What? Prof. Sumner? Really???
26. September 2012 at 05:30
RPLong, Yes, stocks did poorly during 1968-81, and RE was basically flat in real terms.
26. September 2012 at 05:44
Are Selgin’s “thorny questions concerning the choice of an ideal growth rate” even answerable? I like optimality as much as the next geek but practicing Central Banks make judgment calls all the time based on a ridiculously limited and unreliable data set. The real world’s messy. I’ll be happy with just convincing our elites to stop with the unforced errors.
26. September 2012 at 06:59
@Jim Crow,
Well the hole point of the free banking school is that the do not think it is answerable.
26. September 2012 at 07:03
You’ve just given a full bear hug embrace of Hayekian macro:
“It’s not that monetary disequilibrium never occurs, but rather that I think it lasts for just a brief period. The bigger problem is that equilibrium is re-established at a new and different NGDP level, which creates disequilibrium in the labor market. So I see labor market disequilibrium as the essence of the business cycle.”
Hayek, of course, talked of sticky, inflexible wages before Keynes ever published his “General Theory”.
But is is absolutely pathetic to talk of equilibrium in the labor market — and to have absolutely NO production goods of any kind in your “model” — an economy without production goods and trade offs between production processes of alternative lengths and outputs has Nothing to do with our world. Ditto a world without flu hating shadow money / changing liquidity & value assets used as substitutes for money. Or trade-offs and changing relative prices in raw inputs or change consumption patterns between cheap short period consumption goods or expensive long period consumption goods.
So you’ve embraced Hayek — monetary disequilibrium creates disequilibrium in real goods markets involving changing relative prices.
Your world simply fails to include:
Alternative labor input
Production goods
Shadow money / money substitutes
Changing alternativs consumption choices
Raw inputs
Goods which move from economic goods status to non-economic goods status with changing relative prices & changing alternative productions structure
Relative price relations between all of the above.
In other words, you simply have Not engaged any possible world that all of us actual inhabit.
26. September 2012 at 07:16
“All I would add is that showing the folly of the actual 2007-2012 path of NGDP is a trivial exercise. I am pretty sure that George agrees with me on that point.”
I do indeed, Scott.
26. September 2012 at 07:44
If NGDPLT has to have make-up to work, WHY is it so great?
If it doesn’t need make-up to work, how does that happen?
26. September 2012 at 07:49
ssumner:
Lots of people, including both Austrians and market monetarists, use the concept of “monetary disequilibrium” to analyze the role of monetary policy shocks in the business cycle. I generally stay away from that framework. It’s not that monetary disequilibrium never occurs, but rather that I think it lasts for just a brief period.
This is only true if “monetary policy”, i.e. inflation, is a one shot deal. For example, if a central bank comes into existence, prints a trillion dollars, and then closes its doors, after which inflation ceases, then THAT would be a real world event to which you can say that the effects last for just a brief period.

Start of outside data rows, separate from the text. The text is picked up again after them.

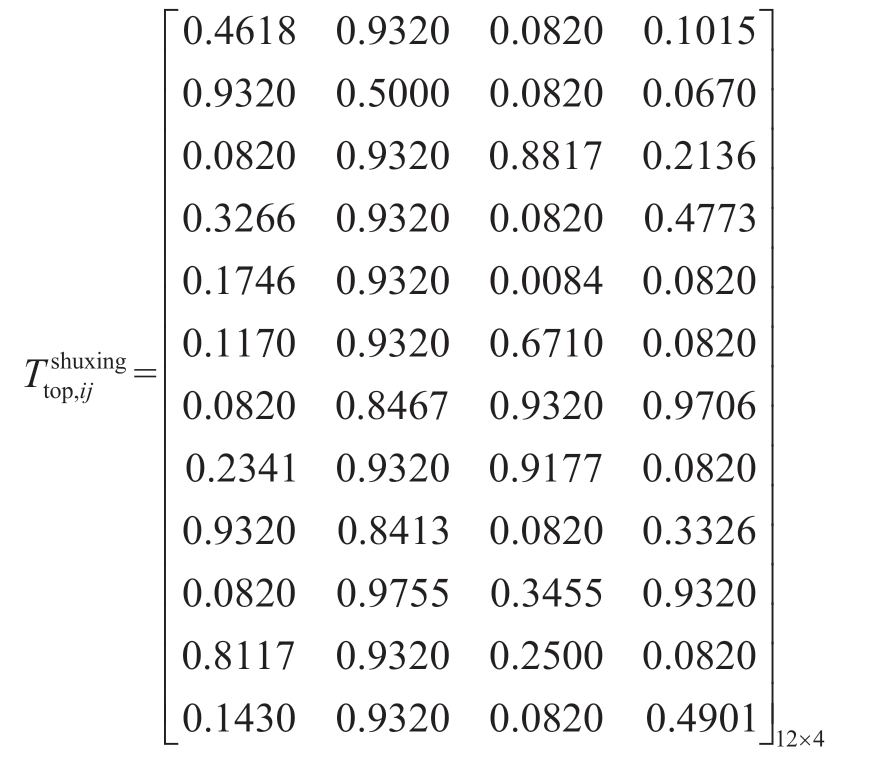 pagenumber_ebook=128,pagenumber_book=250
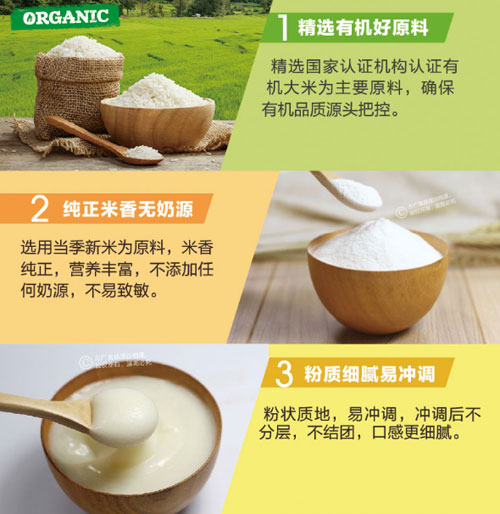 方廣有機(jī)純營(yíng)養(yǎng)米粉(盒裝)介紹9.jpg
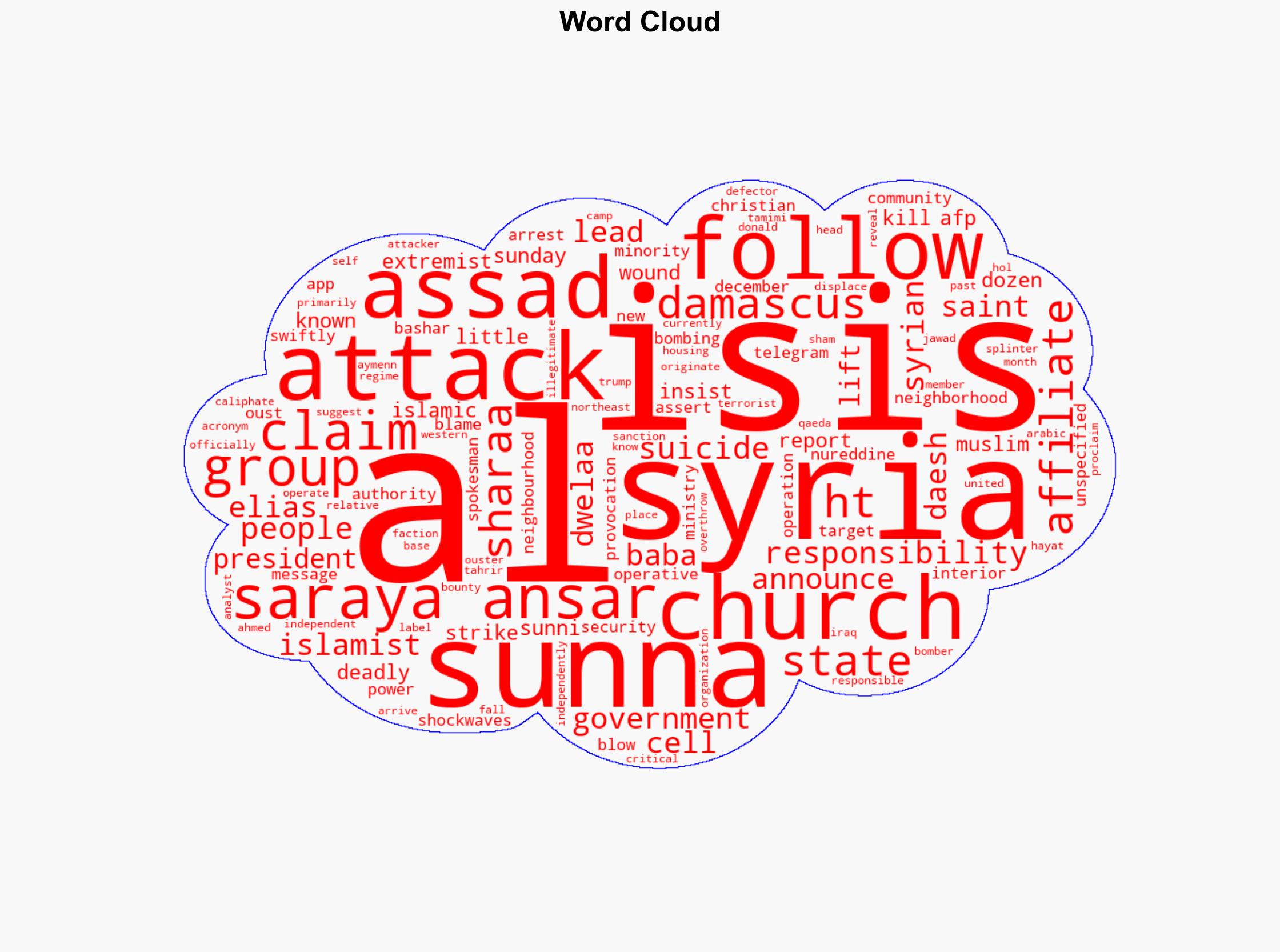Syria Extremist group claims Damascus church bombing - Israelnationalnews.com - Image 1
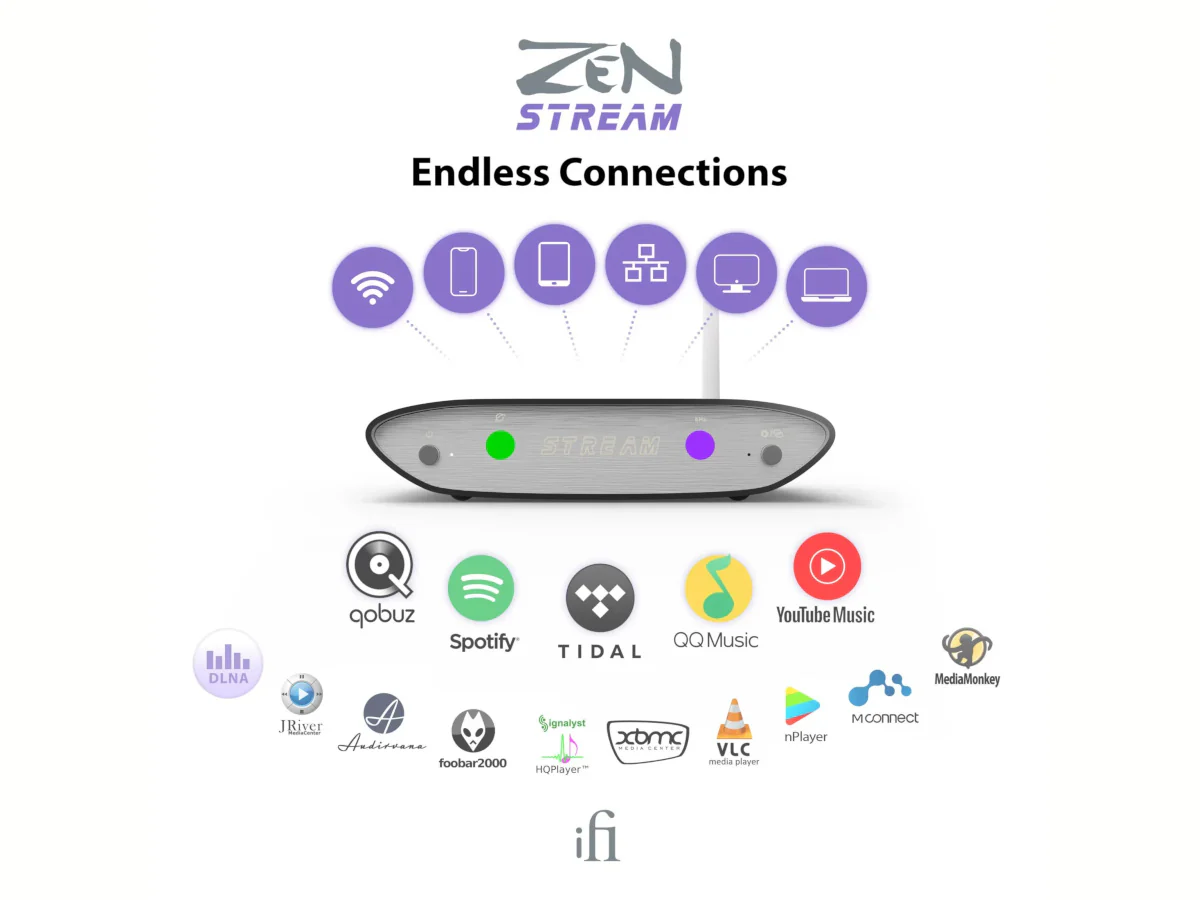 iFi Audio ZEN STREAM 3 - Image 6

On the other hand, when Austrians refer to monetary disequilibrium, they are referring to the real world monetary policy that is more or less continuous in nature. Sure, if inflation was a one shot deal, then Austrians may end up agreeing with market monetarists that the real side effects of inflation are long term neutral. Inflation in our economy is however not a one shot deal. Thus, we can never get to this long run neutrality utopia that market monetarists like to think we can get to by way of stable aggregate this or that targeting.

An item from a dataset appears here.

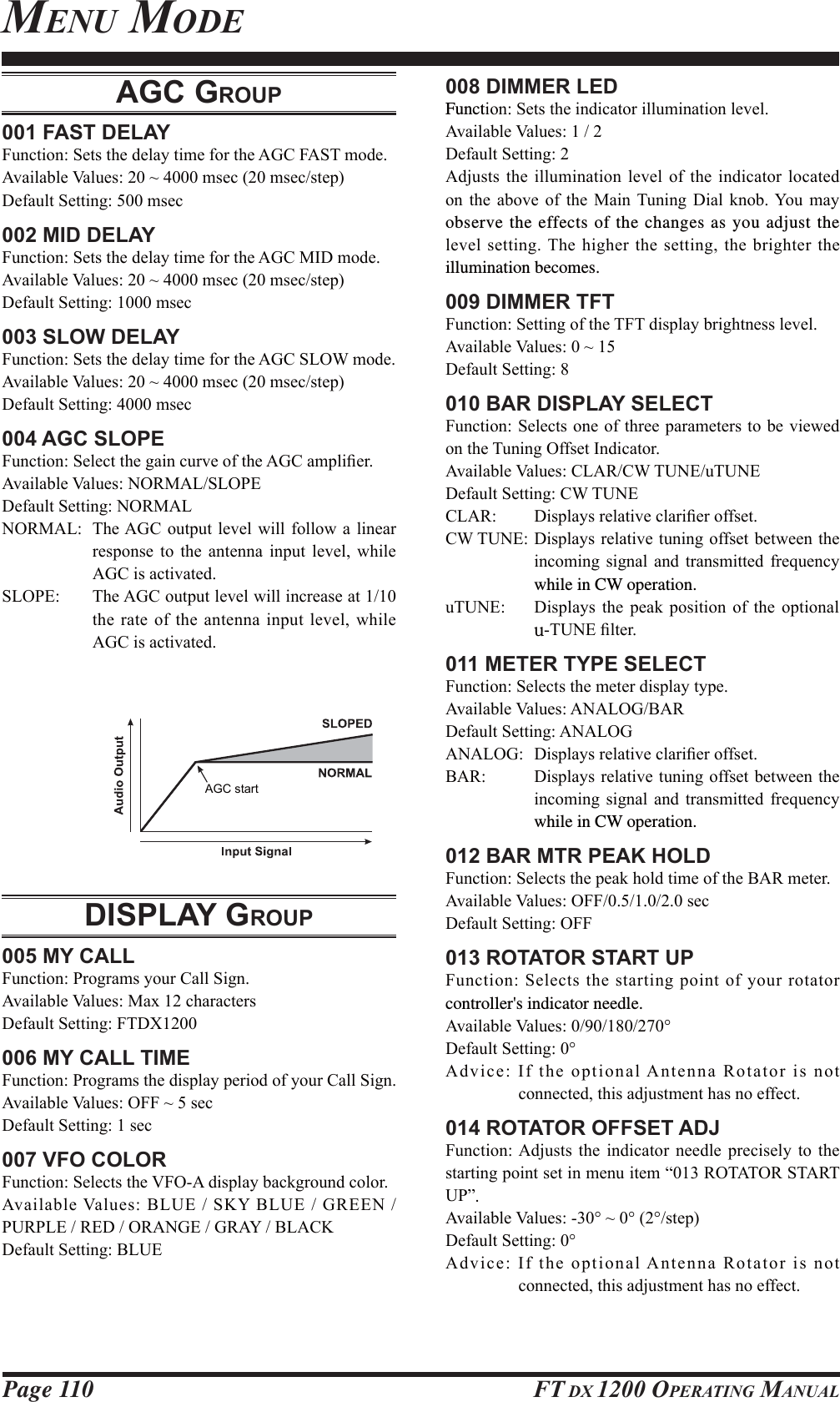 Page 110 FT DX 1200 OPERATING MANUALAGC GROUP001 FAST DELAY)XQFWLRQ6HWVWKHGHOD\WLPHIRUWKH$*&amp;)$67PRGH$YDLODEOH9DOXHVaPVHFPVHFVWHS&apos;HIDXOW6HWWLQJPVHF002 MID DELAY)XQFWLRQ6HWVWKHGHOD\WLPHIRUWKH$*&amp;0,&apos;PRGH$YDLODEOH9DOXHVaPVHFPVHFVWHS&apos;HIDXOW6HWWLQJPVHF003 SLOW DELAY)XQFWLRQ6HWVWKHGHOD\WLPHIRUWKH$*&amp;6/2:PRGH$YDLODEOH9DOXHVaPVHFPVHFVWHS&apos;HIDXOW6HWWLQJPVHF004 AGC SLOPE)XQFWLRQ6HOHFWWKHJDLQFXUYHRIWKH$*&amp;DPSOL¿HU$YDLODEOH9DOXHV1250$/6/23(&apos;HIDXOW6HWWLQJ1250$/1250$/ 7KH$*&amp; RXWSXW OHYHOZLOO IROORZ DOLQHDUUHVSRQVH WR WKH DQWHQQD LQSXW OHYHO ZKLOH$*&amp;LVDFWLYDWHG6/23( 7KH$*&amp;RXWSXWOHYHOZLOOLQFUHDVHDWWKHUDWH RIWKHDQWHQQDLQSXWOHYHOZKLOH$*&amp;LVDFWLYDWHG008 DIMMER LEDFunctLRQ6HWVWKHLQGLFDWRULOOXPLQDWLRQOHYHO$YDLODEOH9DOXHV&apos;HIDXOW6HWWLQJ$GMXVWV WKH LOOXPLQDWLRQ OHYHO RI WKH LQGLFDWRU ORFDWHGRQ WKH DERYH RI WKH 0DLQ 7XQLQJ &apos;LDO NQRE&lt;RX PD\observe the effects of the changes as you adjust the OHYHOVHWWLQJ7KH KLJKHUWKHVHWWLQJWKHEULJKWHUWKHillumination becomes.009 DIMMER TFT)XQFWLRQ6HWWLQJRIWKH7)7GLVSOD\EULJKWQHVVOHYHO$YDLODEOH9DOXHVa&apos;HIDXOW6HWWLQJ010 BAR DISPLAY SELECT)XQFWLRQ6HOHFWVRQH RIWKUHHSDUDPHWHUVWREHYLHZHGRQWKH7XQLQJ2IIVHW,QGLFDWRU$YDLODEOH9DOXHV&amp;/$5&amp;:781(X781(&apos;HIDXOW6HWWLQJ&amp;:781(&amp;/$5 &apos;LVSOD\VUHODWLYHFODUL¿HURIIVHW&amp;:781(&apos;LVSOD\VUHODWLYHWXQLQJRIIVHWEHWZHHQWKHLQFRPLQJ VLJQDO DQG WUDQVPLWWHG IUHTXHQF\while in CW operation.X781( &apos;LVSOD\V WKH SHDN SRVLWLRQ RI WKH RSWLRQDOu781(¿OWHU011 METER TYPE SELECT)XQFWLRQ6HOHFWVWKHPHWHUGLVSOD\W\SH$YDLODEOH9DOXHV$1$/2*%$5&apos;HIDXOW6HWWLQJ$1$/2*$1$/2* &apos;LVSOD\VUHODWLYHFODUL¿HURIIVHW%$5 &apos;LVSOD\VUHODWLYHWXQLQJ RIIVHWEHWZHHQWKHLQFRPLQJ VLJQDO DQG WUDQVPLWWHG IUHTXHQF\while in CW operation.012 BAR MTR PEAK HOLD)XQFWLRQ6HOHFWVWKHSHDNKROGWLPHRIWKH%$5PHWHU$YDLODEOH9DOXHV2))VHF&apos;HIDXOW6HWWLQJ2))013 ROTATOR START UP)XQFWLRQ6HOHFWVWKHVWDUWLQJSRLQWRI\RXUURWDWRUcontroller&apos;s indicator needle.$YDLODEOH9DOXHV&apos;HIDXOW6HWWLQJ$GYLFH,IWKHRSWLRQDO$QWHQQD5RWDWRULVQRWFRQQHFWHGWKLVDGMXVWPHQWKDVQRHIIHFW014 ROTATOR OFFSET ADJ)XQFWLRQ$GMXVWV WKH LQGLFDWRU QHHGOH SUHFLVHO\ WR WKHVWDUWLQJSRLQWVHWLQPHQXLWHP³527$72567$5783´.$YDLODEOH9DOXHVaVWHS&apos;HIDXOW6HWWLQJ$GYLFH,IWKHRSWLRQDO$QWHQQD5RWDWRULVQRWFRQQHFWHGWKLVDGMXVWPHQWKDVQRHIIHFWDISPLAY GROUP005 MY CALL)XQFWLRQ3URJUDPV\RXU&amp;DOO6LJQ$YDLODEOH9DOXHV0D[FKDUDFWHUV&apos;HIDXOW6HWWLQJ)7&apos;;006 MY CALL TIME)XQFWLRQ3URJUDPVWKHGLVSOD\SHULRGRI\RXU&amp;DOO6LJQ$YDLODEOH9DOXHV2))aVHF&apos;HIDXOW6HWWLQJVHF007 VFO COLOR)XQFWLRQ6HOHFWVWKH9)2$GLVSOD\EDFNJURXQGFRORU$YDLODEOH9DOXHV%/8(6.&lt;%/8(*5((13853/(5(&apos;25$1*(*5$&lt;%/$&amp;.&apos;HIDXOW6HWWLQJ%/8(MENU MODEAGC startFCC ID: K6620581X50 / IC: 511B-20581X50YAESU MUSEN CO., LTD.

Austrians reject the notion that a complex division of labor society, of which individuals act in partial ignorance of each other and can only rely on unhampered prices to signal their savings and consumption preferences, can eventually and perfectly “adapt” to a continuous, “expected” inflation of price levels or NGDP levels, such that over the long term, monetary policy allegedly ends up generating only a nominal effect on prices and spending levels, with no lasting effects on the “real” side.
The reason they reject this notion is because they hold money to be non-neutral…period. Whereas Austrians and Market Monetarists would agree that money is not neutral in the short run, Austrians and Market Monetarists diverge when it comes to the long run. Why? Because Austrians hold that the market can never “settle down” in a world of continuous inflation.

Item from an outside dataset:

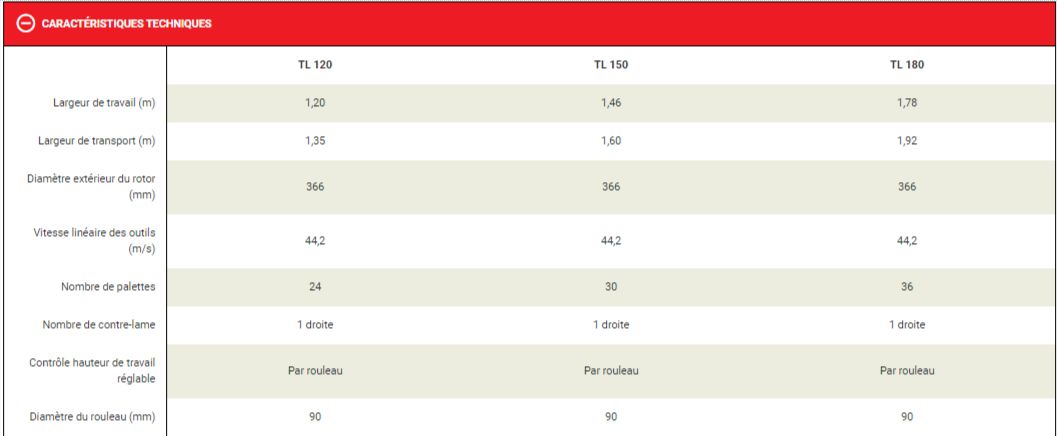 Broyeur forestier TL - Kuhn - pour micro-tracteurs - 1.2 à 1.78 m_4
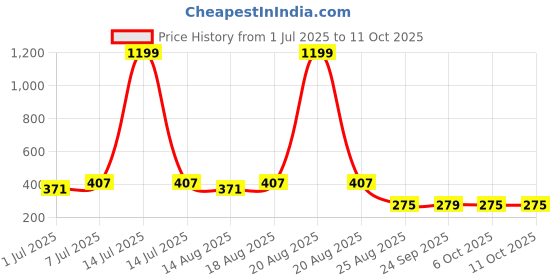 myntra.com Aura Red & Pink 4 Pieces Multi-Utility Organisers aura Price History Graph from 1 Jul 2025 to 10 Oct 2025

Even if inflation of price levels or NGDP levels is announced by and then followed through by a central bank, such that market actors correctly expect the future aggregate statistic, it has no bearing on their individual plans to the extent that their plans depend on unhampered relative prices and spending. Aggregate statistic inflation targeting effects the very relative prices that individuals depend on if the capital structure of society is to be physically sustainable.
The reason Austrians hold this “unsettling theory” (double entendre intended) is because what “credible”, “stable” price level targeting or NGDP targeting cannot do is promise a particular relative price and relative spending matrix that results in capital and employment allocations that are long run physically sustainable. This is not to say that I demand the Fed change their ways to accomplish this feat, but rather that the Fed cannot do what market monetarists want it to do, which is prevent recessions through the use of inflation.
It is extremely important to understand that it is not possible for a central bank to only affect an aggregate statistic, within which the market process takes care of relative price and spending statistics without being hampered in any way. Even if they only intend to target the aggregate, they can’t. This is because the central bank does not stand as a buyer for all final goods and services. They stand as a buyer for SOME goods and services (typically treasuries from primary dealers) and they also stand as a lender (giver? do we know?) of newly created money to SOME agents (typically the state, banks, and some firms the banks have large stakes in), and then, they DEPEND on subsequent receivers of money to spend the money such that the Fed later observes a particular aggregate statistic to increase the way they want it to increase.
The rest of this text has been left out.